Our verified implementation exported to Haskell catalogues all 108 281 182 union-closed families in around 11 min (on an 2.4GHz, Intel Core i5, 8GB RAM laptop). Our fastest, unverified implementation in C++ that uses the same algorithm, but is based on arrays, does it in around 28 seconds. Profiling shows that the verified implementation spends more than 60% of the time in RBT lookup. Replacing \(O(\log {n})\) RBT with O(1) lookup array reduces the time to less than 5 min (for this we can use the Isabelle Collections Framework [11] or Imperative/HOL [6]). Unfortunately, a range-check is performed with each verified bitwise operation, and there is no direct access from Isabelle/HOL to all hardware implemented bitwise operations (e.g., __builtin_ctzl in GCC), so its hard to expect that C++ runtimes could be reached with standard Isabelle code generator. When families are only counted using the depth-first variant of the algorithm, memory consumption is not an issue.

5 Conclusions and Further Work

We have formalized the general Faradžev-Read scheme for making exhaustive, isomorph-free catalogues of combinatorial objects within Isabelle/HOL and have shown its applicability by instantiating in on two different problems: cataloguing directed graphs and cataloguing union-closed families. In the second case study we have created an efficient implementation capable of generating more than one hundred million union-closed families over a six-element domain.

Our experience shows that even with the general scheme verified, there is still much work to do for each concrete application, especially if efficient implementation is required (our rough estimate is that verifying the general scheme is around 30–50% of the effort needed to verify a concrete efficient algorithm).

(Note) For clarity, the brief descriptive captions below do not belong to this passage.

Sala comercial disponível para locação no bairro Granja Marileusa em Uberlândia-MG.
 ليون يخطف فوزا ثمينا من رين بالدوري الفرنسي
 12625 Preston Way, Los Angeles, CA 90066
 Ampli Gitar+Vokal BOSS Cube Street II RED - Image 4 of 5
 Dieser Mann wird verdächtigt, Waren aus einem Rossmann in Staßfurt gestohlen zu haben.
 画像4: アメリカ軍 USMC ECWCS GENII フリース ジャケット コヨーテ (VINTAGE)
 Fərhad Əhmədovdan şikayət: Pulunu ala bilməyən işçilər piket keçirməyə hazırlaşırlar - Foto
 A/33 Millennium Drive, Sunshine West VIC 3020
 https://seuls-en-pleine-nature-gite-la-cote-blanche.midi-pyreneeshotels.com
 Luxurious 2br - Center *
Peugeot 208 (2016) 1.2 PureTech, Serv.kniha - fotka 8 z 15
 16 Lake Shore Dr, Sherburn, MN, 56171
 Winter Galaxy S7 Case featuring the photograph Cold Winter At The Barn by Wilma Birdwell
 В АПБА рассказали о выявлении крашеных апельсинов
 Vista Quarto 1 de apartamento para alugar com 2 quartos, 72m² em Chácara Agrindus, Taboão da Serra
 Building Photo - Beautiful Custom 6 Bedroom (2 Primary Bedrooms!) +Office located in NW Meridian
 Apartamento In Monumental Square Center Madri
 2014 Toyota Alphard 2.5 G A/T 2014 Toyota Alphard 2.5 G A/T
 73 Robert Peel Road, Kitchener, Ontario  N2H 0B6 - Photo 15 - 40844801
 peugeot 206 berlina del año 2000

Still, a verified general scheme does save a significant amount of work in each concrete instance, and, more importantly, guides us towards elements that should be defined in order to get an efficient algorithm.

Specification and the correctness proof of the abstract Faradžev-Read scheme contains 3 locales with around 10 assumptions, 10 definitions and 40 lemmas, consuming around 1200 lines of code (LOC). The case study of digraphs contains around 25 definitions and 100 lemmas, consuming around 4000 LOC. The case study of union-closed families contains around 105 definitions and 350 lemmas, consuming around 8000 LOC (5000 LOC are devoted to efficient implementation). Some definitions and lemmas are shared between both case studies.

We use refinement based on Isabelle/HOL locales to separate reasoning about abstract procedure properties and concrete implementation details. Using a framework (e.g., Isabelle refinement framework [12]) might give us better proof automation and easier introduction of imperative features [13], so we plan to use it in our future work.

There are other general cataloguing schemes, some more efficient than Faradžev-Read’s. Most notable of them is McKay’s canonical path generation [1]. In our further work we plan to formalize it, too. We hope that some parts of the developed theory could be reused (e.g., the definition of isomorphism based on permutations and their action and the definition of the catalogue). On the other hand, Faradzev/Read and McKay’s approach are substantially different so we are not too optimistic that any parts of Faradzev/Read algorithm specification would be useful for computing canonical labellings. A prerequisite for McKay’s algorithm trusted implementation is an efficient, trusted graph isomorphism testing algorithm which we plan to construct (either by its verification within a theorem prover, or by some kind of certificate checking).